When the project started in 2009, the biggest blades in
commercial operation were 60 meters long. Griffith and his colleagues
wanted to see how far they could push the trend of ever-increasing
blades before they ran into material limitations.
Their
first design was an all-fiberglass blade that used a similar shape and
materials as those found in relatively smaller commercial blades at the
time. The result was a prohibitively heavy 126-ton blade that was so
thin and long it would be susceptible to vibration in strong winds and
gravitational strain.
The
group made two subsequent designs employing stronger, lighter carbon
fiber and a blade shape that was flat-backed instead of sharp-edged. The
resulting 100-meter blade design was 60% lighter than the initial
model.
Since
the project began in 2009 the largest blades used in commercial
offshore wind turbines have grown from 60 meters to roughly 80 meters
with larger commercial prototypes now under development. “I fully expect
to see 100 meter blades and beyond,” Griffith says.
As
blades grow longer, the towers that elevate them are getting taller to
catch more consistent, higher speed wind.

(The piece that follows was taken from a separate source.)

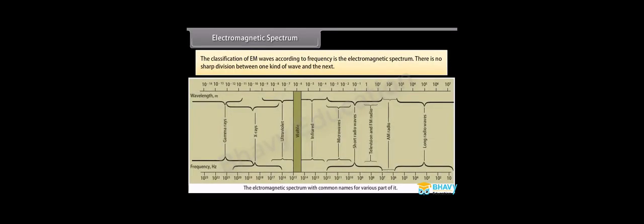Electromagnetic spectrum. The classification of EM waves according to frequency is the electromagnetic spectrum. There is no sharp division between one kind of wave and the next. The classification is based on how the waves are produced or detected. Let us describe these different types of electromagnetic waves in order of decreasing wavelengths.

And as towers grow taller,
transportation costs are growing increasingly expensive. To counter the
increased costs
GE recently debuted
a “space frame” tower, a steel lattice tower wrapped in fabric.
The new
towers use roughly 30% less steel than conventional tube towers of the
same height and can be delivered entirely in standard-size shipping
containers for on-site assembly. The company recently received a $3.7
million grant from the US Department of Energy to develop similar space
frame blades.
Offshore innovation
Like
crystalline silicon solar panels, however, existing wind technology
will eventually run up against material limits. Another innovation on
the horizon for wind is related instead to location. Wind farms are
moving offshore in pursuit of greater wind resources and less land use
conflict.
The farther offshore they go, the deeper the water, making the
current method of fixing turbines to the seafloor prohibitively
expensive. If the industry moves instead to floating support structures,
today’s top-heavy wind turbine design will likely prove too unwieldy.
One
potential solution is a vertical axis turbine, one where the main rotor
shaft is set vertically, like a merry go round, rather than
horizontally like a conventional wind turbine. The generator for such a
turbine could be placed at sea level, giving the device a much lower
center of gravity.
“There
is a very good chance that some other type of turbine technology, very
well vertical axis, will be the most cost effective in deep water,”
Griffith says.
The
past decade has yielded remarkable innovations in solar and wind
technology, bringing improvements in efficiency and cost that in some
cases have exceeded the most optimistic expectations. What the coming
decade will bring remains unclear, but if history is any guide, the
future of renewables looks extremely positive.